By Sumati. This article first appeared in Newsyaps

1 December, 1997, past midnight: Two boats, full of over a hundred armed men belonging to the Ranvir Sena, cross Sone River that flows between Bhojpur and Jehanabad districts in Bihar. After reaching the village Laxmanpur Bathe, they killed the boatmen who ferried them. In a pre-planned way, they surrounded the village on all sides, split into groups, and barged into the houses. They fired and fired, and by the end of the bloodbath, 58 people had been shot to death. The dead included 27 women, 8 of whom were pregnant, and 16 children, the youngest of whom was one year-old. Some families had been completely wiped off. All were Dalits.

9 October, 2013: Patna High Court acquits all of the 26 accused in the Laxmanpur Bathe massacre, reversing the decision of the lower court which had in April 2010 given the death sentence to 16 convicts and life to 10 others. The court found “unreliable” the same witnesses that the lower court had found reliable and held that the accused “deserve grant of benefit of doubt.”

Justice was served.

11 July, 1996: Bathani Tola in Bhojpur district, Bihar was surrounded by 150 men belonging to the Ranvir Sena in the broad daylight of 1 pm. Armed with guns, swords, sickles, and lathis, the men fired shots in the air. As the terrified villagers ran to hide themselves, the men started burning houses. They entered the mud huts, pulled out women and children, slit their throats, shot them, and stabbed them with swords. 11 women and 9 children, including an infant, and 1 man were killed. The dead were all Dalits and Muslims.
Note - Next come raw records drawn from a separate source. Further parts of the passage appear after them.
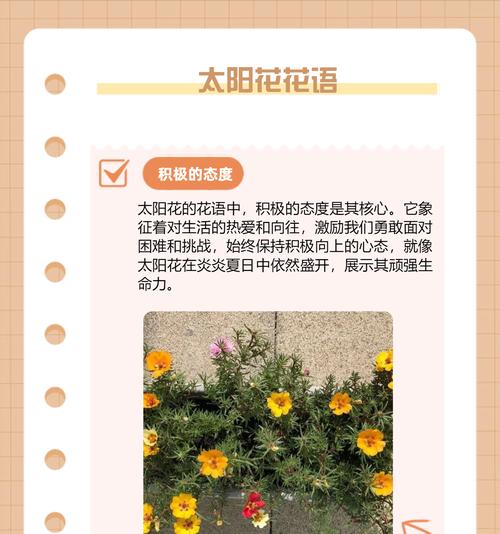 哪种花的花语象征着成功？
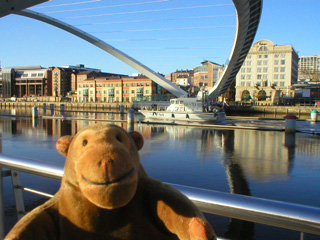 Mr Monkey watching a Royal Navy patrol boat go under the Millennium Bridge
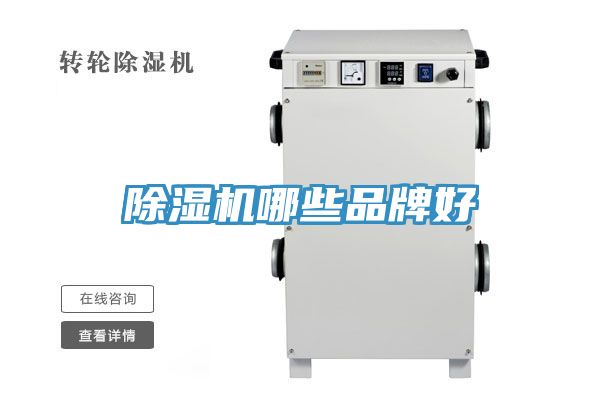 小黄片直播视频哪些品牌好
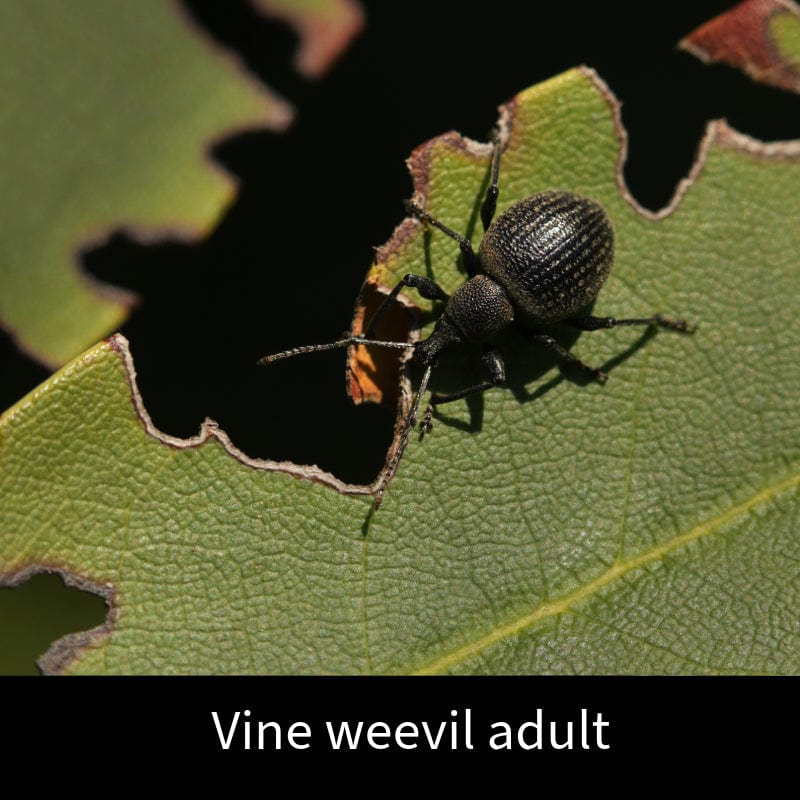 dt-brown HARDWARE Vine Weevil Control Nematodes 100sq.m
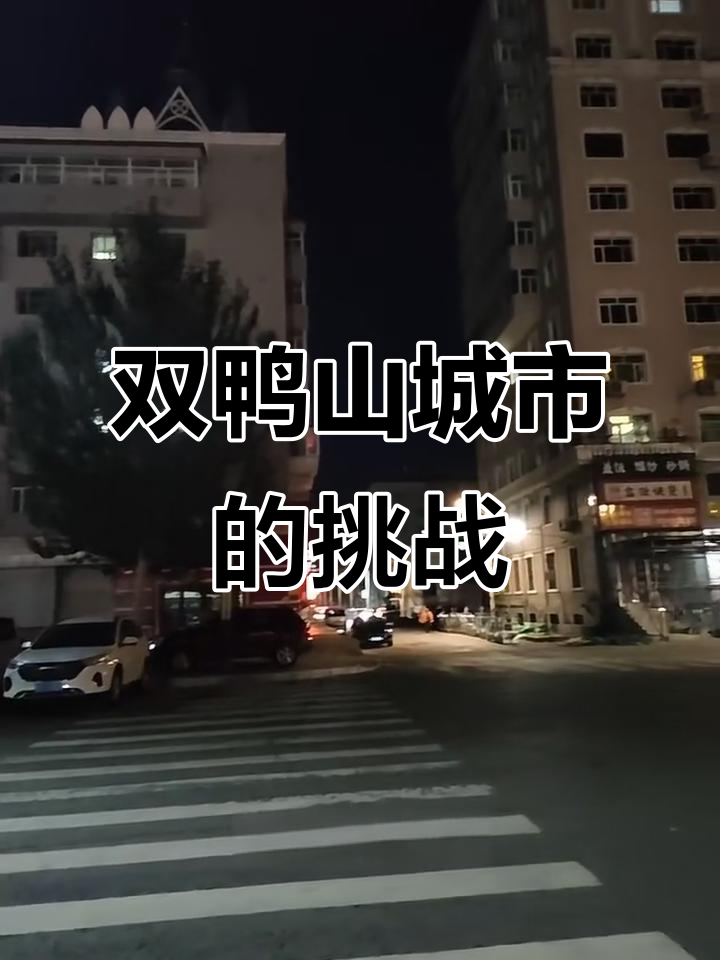 双鸭山市:地广人稀,城市困境与未来发展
The survivors and eyewitnesses recognized the attackers and named them clearly in the FIRs, as these were men from their own villages who had not even tried to hide their faces during the attack. 14 years later, the sessions court in Ara convicted 23 men from the Ranvir Sena.

26 April, 2012: A two-member bench at the Patna High Court acquits all the accused, citing “unreliable evidence”.

Mianpur, Bihar. 32 Dalits were killed in 2000. The trial court convicted 10 persons in 2007. On 3 July, 2013, Patna High court acquits 9 out of the 10 convicted.

Nagri Bazar, Bihar, 1998. 10 Dalits were gunned down by Ranvir Sena. The trial court had convicted 11 persons. On 1 March, 2013, all the 11 accused are acquitted by the High court.

Laxmanpur Bathe. Bathani Tola. Mianpur. Nagri Bazar. Haibaspur. Shankar Bigha.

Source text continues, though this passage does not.